• DATA SEGMENT
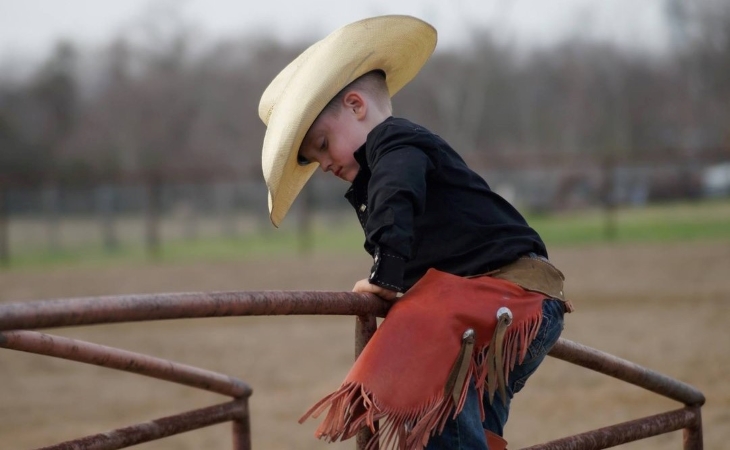 Young cowboy at the Pasadena Livestock Show & Rodeo in Pasadena, TX.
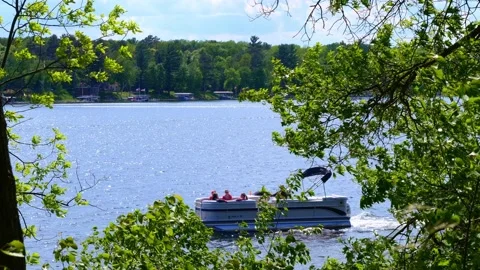 CROW WING CO, MN - 30 MAY 2021: Family in pontoon on a Minnesota lake. Stock Footage 155448669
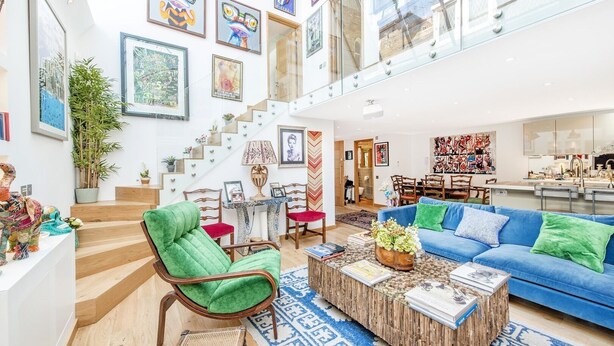A spacious living room with a staircase, a dining area, and a kitchen. - Chelsea Artist's Studio, by Veeve (London)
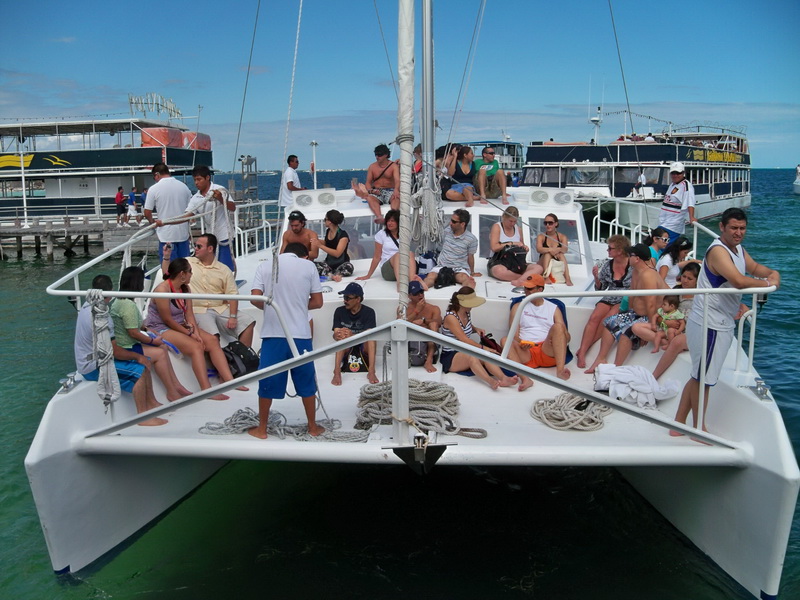 Large group boarding Catamaran Samba sailing charter at Cancun marina, front deck full of guests ready for Isla Mujeres day tour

• WHAT YOU WILL DO
Each line from the first line of the listing through the line with "A spacious living" must be printed exactly, both ends included, and no picture may appear.

• RESULT BELOW
 Young cowboy at the Pasadena Livestock Show & Rodeo in Pasadena, TX.
 CROW WING CO, MN - 30 MAY 2021: Family in pontoon on a Minnesota lake. Stock Footage 155448669
A spacious living room with a staircase, a dining area, and a kitchen. - Chelsea Artist's Studio, by Veeve (London)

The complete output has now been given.